As I am writing I am sitting at Paddington Station in London, having just spent 15 minutes chatting to my niece in Southern Sweden via MSN. It is fantastic and extremely easy to catch up on the news and now at Christmas time when you cannot be with your family as you have set up base in two different countries.

However the other thing you SHOULD require but don’t anymore is the ability to speak a language…this is no longer required it is now null and void…

No wonder that the kids of today have problems…they have only learnt the consonants and not the bloody vowels plus they have replaced every second word with “innit”.

Little men and women, well I am 6’6”, walk around me with a McDonalds in one hand, a bottle of Diamond White the other, making noises such as “innit” “whoa” “right” (noticed that no-one ever says left) “well fit” and my absolute favourite “whateva”…I am seriously concerned that Tom Cruise and his scientology friends might be right…we are all part of an alien plot and by God if you ask me…the buggers have arrived…

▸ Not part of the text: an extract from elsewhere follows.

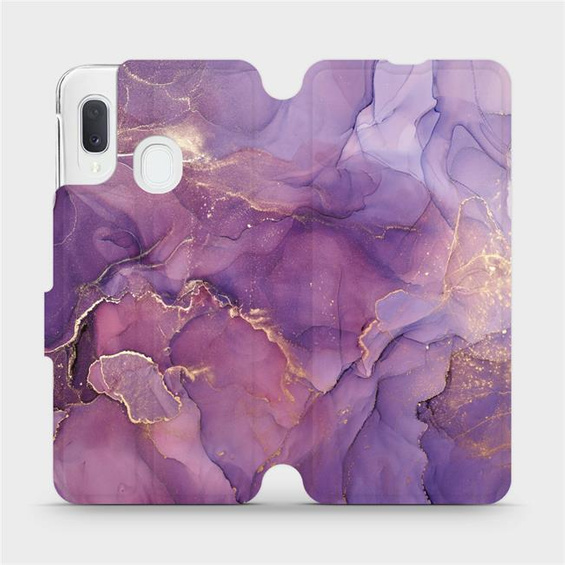 Phone Case Samsung Galaxy A20e - Design VP20S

There are some advantages with the inability to speak English, which my telephone company has noticed, because this incredibly fast moving breed of aliens are not able to communicate via speech, the phone company have cut my call charges, in order to get me, who can speak, to use their services more. However Royal Mail has gone the other way…because these aliens do not know how to write letters, they have increased the price? How does that work? I am being punished by Royal Mail because I like to send letters, postcards and the odd Christmas card, call me a traditionalist but a card in the post is better than a singing and dancing Rudolf created in flash displayed on my HP, and the tune is always appalling.

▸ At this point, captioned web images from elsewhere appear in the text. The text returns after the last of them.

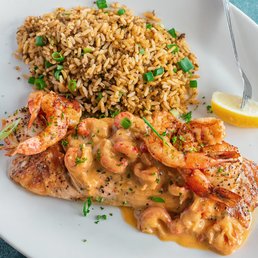 Atlantic Salmon Alexander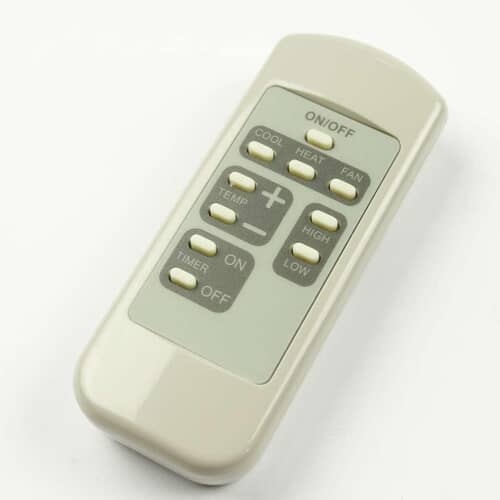 Ge Remote - WJ26X20432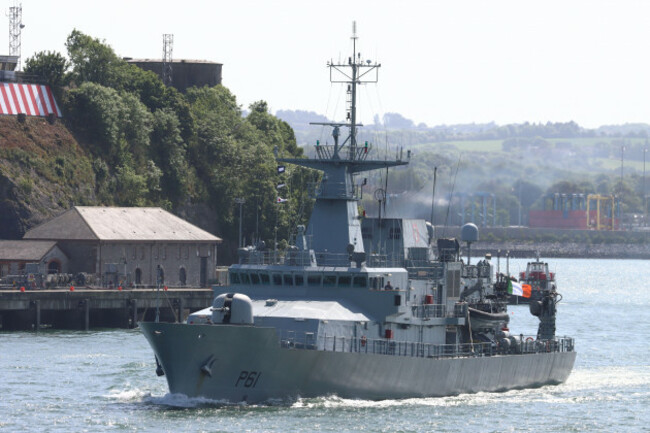 p61-le-samuel-beckett-an-offshore-patrol-vessel-leaving-the-irish-naval-service-base-haulbowline-county-cork-ireland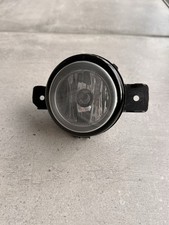 Antibrouillard avant droit -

So just because I am not trading my smelly used trainers, out of size jeans and collection of action man dolls on Ebay, like these aliens, the post office pushed the price up for me…bastards…Why not charge these trading mongrels more for the second hand crap they are sending and let me have cheaper postage when I send a letter to my Auntie M in Sweden. No that would not work because the mongrels cannot decipher a pricelist, so let’s hit the ones that can…

Their breeding ground must be completely unknown, as it has not been sprayed or overrun by pit bulls yet, but the good thing is that they are into inbreeding as I have never seen or heard anyone in a business suit or by what you and I would call a person of social standing utter the words “innit”. More importantly they are easy to spot by the use of their clothing which predominantly are shell suits. The women have their hair scraped up in a pony tail, greasy unwashed and they always move in groups of two or more…

I am not really a NIMBY but I am worried that with the expansion of “affordable housing” is going to populate the countryside with these creatures and they are going to suck all the nourishment out of the ground which means that our local farmer will not have enough grass for his cattle and I will have to buy meat which have travelled…perish the thought…there goes my carbon footprint target…

Well we could go on but I feel strongly that the cause is lost, the art of writing, languages and communication is lost 4eva, & it wnt b cmg bk…”Wots tht all bout”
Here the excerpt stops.